Порфирий — искусственный интеллект, проникающий всюду, где есть доступ в сеть. Он расследует преступления и пишет отчеты о них в форме популярных детективных романов, «опираясь на аналоги и лингвистические паттерны в своей базе данных».
«iPhuck 10» — самое странное дело Порфирия Петровича и одновременно 244-й «шедевр алгоритмической полицейской прозы», который пишется, пока читатель переворачивает страницы. Автор, впрочем, предупреждает, что все его тексты «цензурируются редакторами-людьми с целью сократить избыточную информацию и убрать обидную для человека правду», поскольку «совершенство мысли, стиля и слога унижает читателя и провоцирует разлив желчи у критика». В то же время «iPhuck 10» — самый дорогой любовный гаджет конца ХХI века, разрешенный и желанный тренажер для занятий виртуальным сексом, «мощности которого хватит на любые мыслимые и немыслимые задачи».
Полагая, что читатель из гипсового века захочет сам решить, позволить ли полицейскому дознавателю из будущего изощренно и грубо трахать его мозг новым гаджетом 400 с лишним страниц, «РБК Стиль» синтезировал обывательско-читательский алгоритм НЮ-1410/PH4, чтобы просканировать роман и выбрать ключевые цитаты.
О героях
Порфирий Петрович, «типичный российский искусственный интеллект второй половины XXI века: одновременно как бы Радищев с Пастернаком, дознаватель по их объединенному делу, просто хороший парень и многое-многое другое. Облик Порфирия Петровича давно устоялся и синтезирован "на основе 243 прошлых look'ов": петровские усы торчком, рыжеватые бакенбарды, лысина с длинным зачесом поперек. Горе look'овое».
Маруха Чо, искусствовед, взяла Порфирия в аренду у Полицейского управления для анализа рынка искусства.
«Маруха была бритой наголо, иссушенной диетами особой. Биологической женщиной, но гендер в ее анкете был указан так: баба с яйцами. Это означало, что девочка посадила себе тестостероновые диспенсеры, благодаря чему ее тело стало чуть маскулиннее и сильнее, чем у баб без яиц — но до волосатости и мужеподобия в данном случае не дошло: несмотря на широкие плечи и узкие бедра, визуально она была несомненной женщиной».
О современном искусстве
Искусство начала ХХI века (примерно до 2030 года) классифицируется как «гипсовый век», Маруха Чо специализируется именно на гипсе.
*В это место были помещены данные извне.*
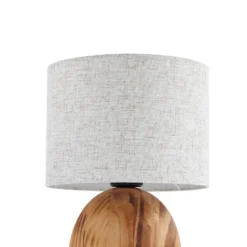 Lámpara de mesa Lindby Mayumi, altura 31 cm, madera, textil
Современную героям культурную парадигму принято называть «новой неискренностью».
«Конец прошлого века. Туннельный соцреализм, как мы сегодня классифицируем. Советский Союз при последнем издыхании. Молодой и модный питерский художник в компании друзей, обкурившись травы, подходит к помойке, вынимает из нее какую-то блестящую железяку — то ли велосипедный руль, то ли коленчатый вал — поднимает ее над головой и заявляет: «Чуваки на спор: завтра я продам вот эту *** фирме за десять тысяч долларов». Тогда ходили доллары. И продает. Вопрос заключается вот в чем: кто и когда дал санкцию считать эту *** объектом искусства, стоящим десять тысяч?
— Художник? — предположил я. — Нет. Вряд ли. Тогда все художниками работали бы. Наверное … тот, кто купил?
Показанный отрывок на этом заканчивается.